CHILD CUSTODY EVALUATION
In his final issue, Cody contends the trial court failed to act in the best interest of the
children by not interviewing the children or ordering a child custody evaluation and by allowing
the children’s therapist to determine his possession and access. Having previously addressed the
trial court’s decision not to interview the children and its possession order, we address Cody’s
contention that the trial court erred in not ordering a child custody evaluation.
Although a trial court is authorized to order the preparation of a child custody evaluation,
the decision to order such an evaluation is discretionary. In re Villanueva, 292 S.W.3d 236, 241
(Tex. App.—Texarkana 2009, orig. proceeding); In re Garza, 981 S.W.2d 438, 442 (Tex. App.—
San Antonio 1998, orig. proceeding). Cody does not provide any record citation to establish that
he ever requested a child custody evaluation, and “[t]he record reveals no circumstances which
would cause a prudent trial judge to believe that such would be necessary, especially without a
request.” Swearingen v. Swearingen, 578 S.W.2d 829, 831 (Tex. Civ. App.—Houston [1st Dist.]
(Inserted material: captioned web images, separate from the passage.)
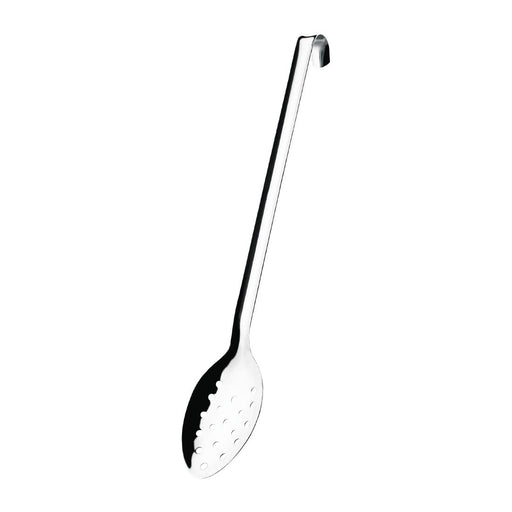 Stainless steel. Length: 405mm. Perforated scoop.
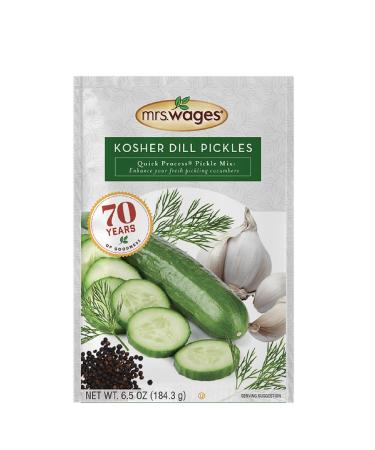 Mrs. Wages Kosher Dill Pickles Quick Process Mix 6.5 Ounce (VALUE PACK of 6) Kosher Dill 6.5 Ounce (Pack of 6)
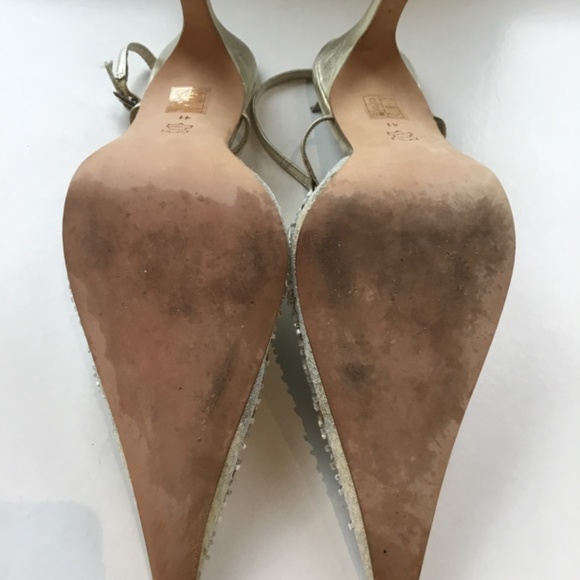 SP collection special occasion lace and beaded evening shoe, size 41 with 4 1/2. - Picture 5 of 5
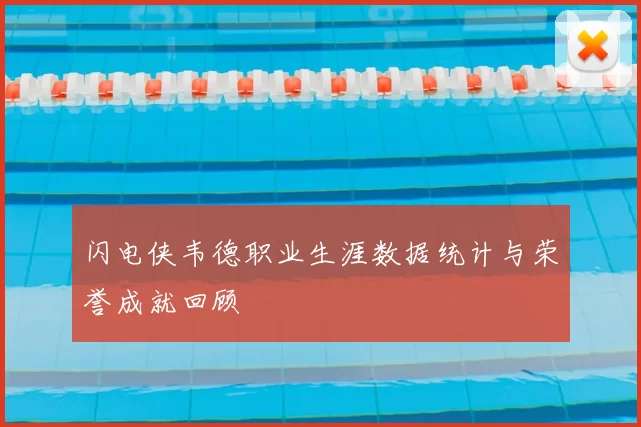 闪电侠韦德职业生涯数据统计与荣誉成就回顾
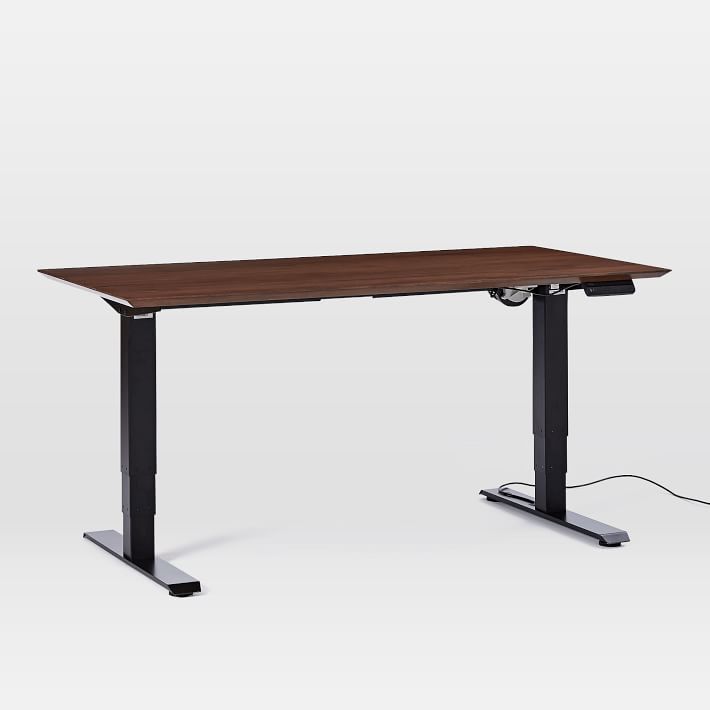 MidCentury Sit & Stand Adjustable Desk West Elm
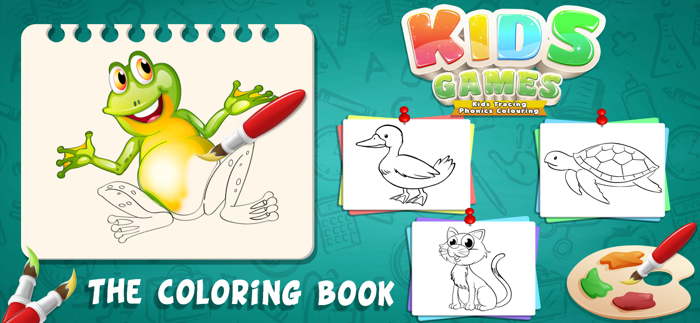 Kids Tracing-Phonics-Coloring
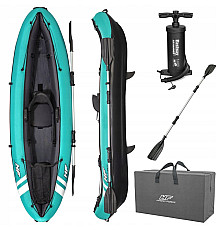 Каяк надувний Bestway Hydro-Force Ventura Elite X1 280 х 86 см, блакитно-чорний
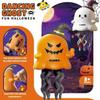 1 Pcs Dancing Ghost Pumpkin Festival Atmosphere Props Interesting Halloween Christmas Magical Twist And Stress Relief Trick Toy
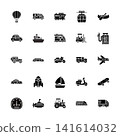 transportation, transport and vehicle vector icon set design solid style. perfect use for logo, presentation, website, and more. modern icon set design glyph style 141614032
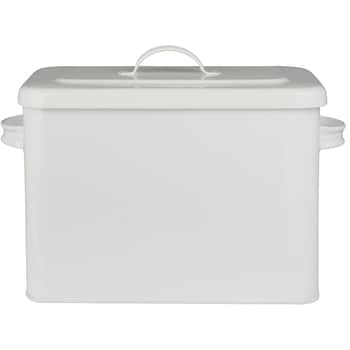 Plechový box s víkem White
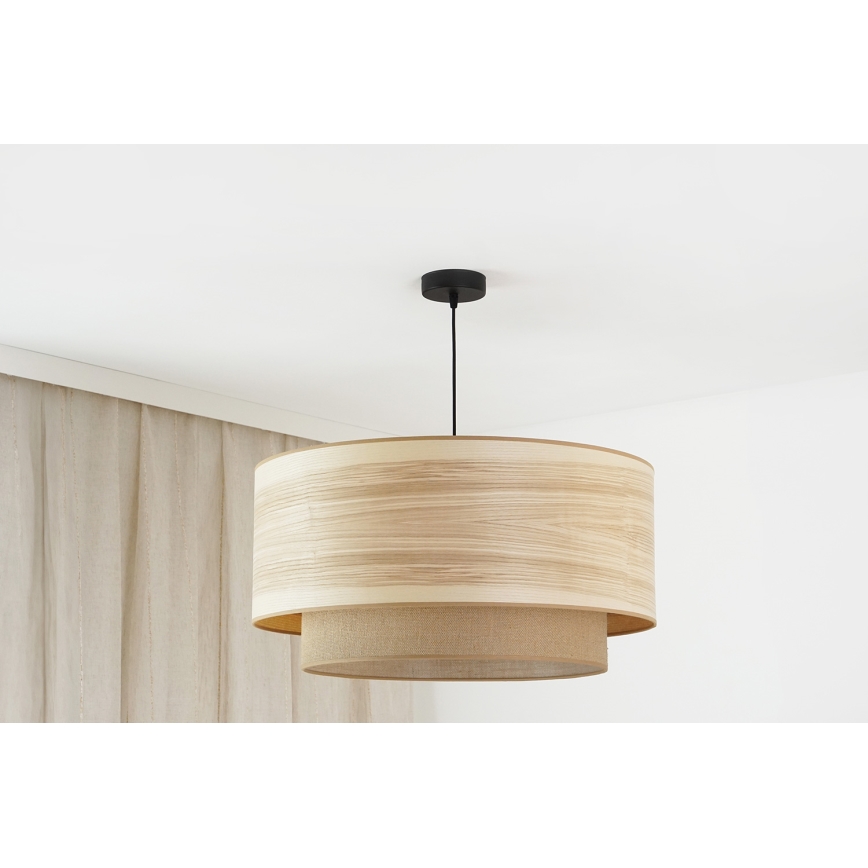 Brilagi - Lühter MONTANA BOHO 1xE27/15W/230V d. 60 cm pruun/must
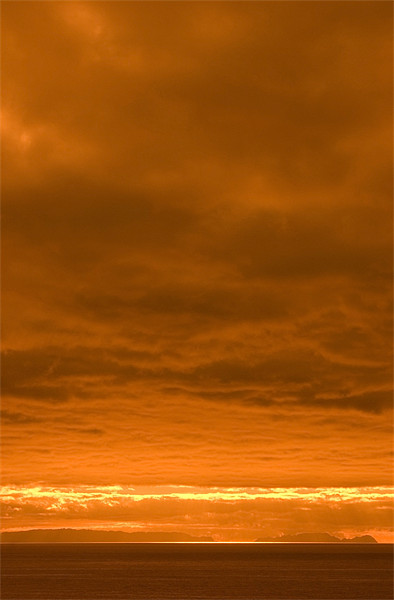 Hells dawn Picture Board by Alan Pickersgill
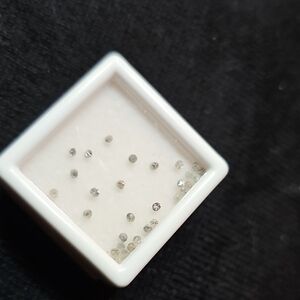 Elegant White and Silver natural diamond Gemstones lot 0.50CT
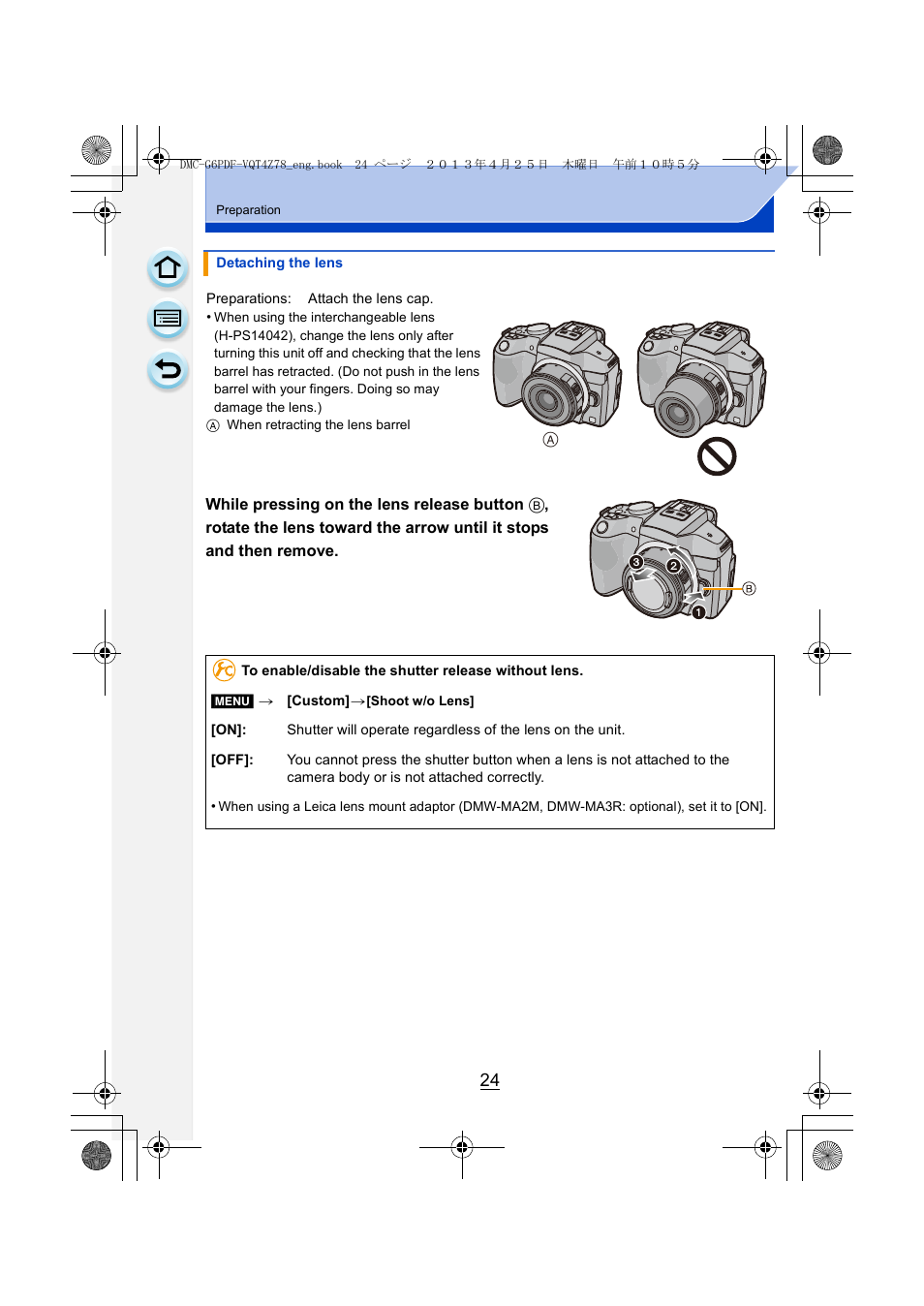 P24) | Panasonic DMC-G6KK User Manual | Page 24 / 356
1979, writ dism’d); see also McKinney v. Davis, No. 13-06-163-CV, 2007 WL 925649, at *2 (Tex.
App.—Corpus Christi Mar. 29, 2007, no pet.) (mem. op.) (holding trial court did not abuse its
discretion in failing to order social study absent a request for such a study). Accordingly, we hold
the trial court did not abuse its discretion in not ordering a child custody evaluation.

Outcome: The portion of the trial court’s final decree of divorce entitled “Possession Order” is reversed, and the cause is remanded to the trial court for clarification of the possession order. The remainder of the final decree of divorce is affirmed.